A majority of non-breastfeeding mothers said they wanted to breastfeed, but were worried about people’s reaction. Photo: SCMP Pictures

Unicef: Hong Kong mothers need more support with breastfeeding

Group calls for tighter regulations to ensure public buildings provide nursing rooms

Hong Kong is lagging behind when it comes to providing family-friendly facilities and the government should introduce stronger building guidelines to do more for breastfeeding mothers, say concern groups.

A Unicef Hong Kong survey found that 40 per cent of mothers in the city have had an unpleasant experience while breastfeeding in a public place, with as many as 90 per cent saying they’ve been stared at and 30 per cent saying they have been asked to feed their children elsewhere – such as in a toilet.

The group interviewed 3,545 mothers online between April 22 and 26, and 83 per cent of them said they had breastfed their children in public places, including shopping malls, restaurants and parks.

But 77 per cent of those who had not breastfed in public said they wanted to but were worried about the reaction of the public or embarrassing their friends and family.

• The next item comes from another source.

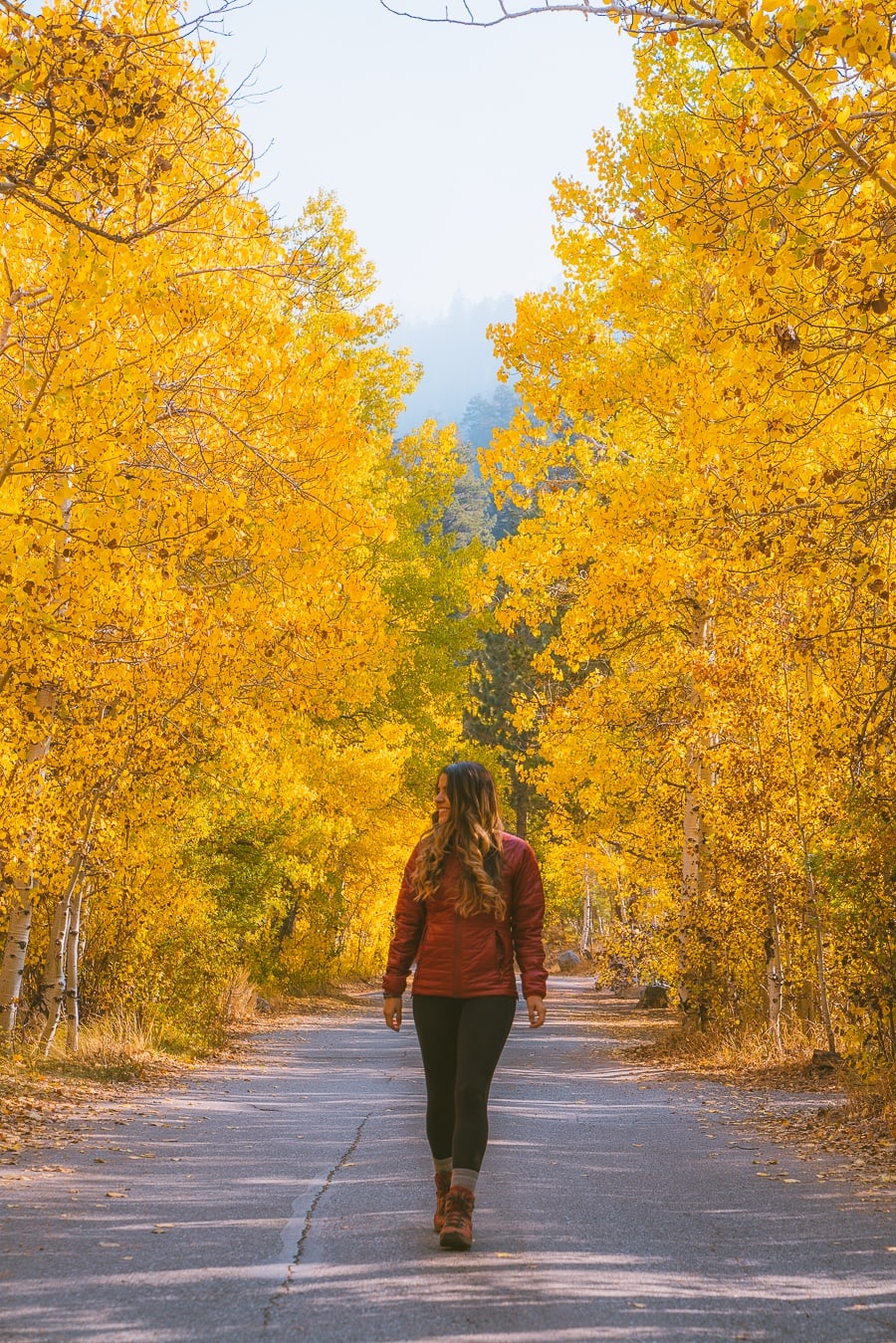 Need Fall hiking outfit inspiration? I gotchuuu 😍 Here are 5 of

Unicef called for wider support of breastfeeding friendly policies in shopping malls, after 95 per cent of mothers said they would be more willing to feed their children publicly if measures were in place.

As well as having nursing rooms available, mothers should be free to choose where they breastfeed, the group said.

Elements, a shopping mall in West Kowloon, was the first mall that pledged support for the breastfeeding campaign.


Ng Mee-kam, an urban planning professor at Chinese University, said incorporating requirements for a nursing room into building regulations could create a more harmonious society.

“Buildings in Hong Kong mostly consider individual viewpoints ... at the moment, planning is not family-based,” said Ng, adding that the city had been too slow to implement family-friendly policies.

Her thoughts were echoed by Kiwi Liu Wai-yan, vice-chairwoman of the Hong Kong Breastfeeding Mothers’ Association.

“Nursing rooms should be made compulsory in buildings of a certain size ... similar to disabled toilets,” said Liu.

In Taiwan, a regulation was implemented in 2010 requiring nursing rooms in all government offices 500 sq ft or larger and transport hubs 1,000 sq ft or more.


Liu said support facilities for mothers should be enhanced, after ensuring mothers’ breastfeeding rights in public places.

A spokesman for the Food and Health Bureau said a loose guideline encouraging provision of baby care rooms on private premises was issued in 2009, and added that additional measures would be considered if necessary to promote breastfeeding.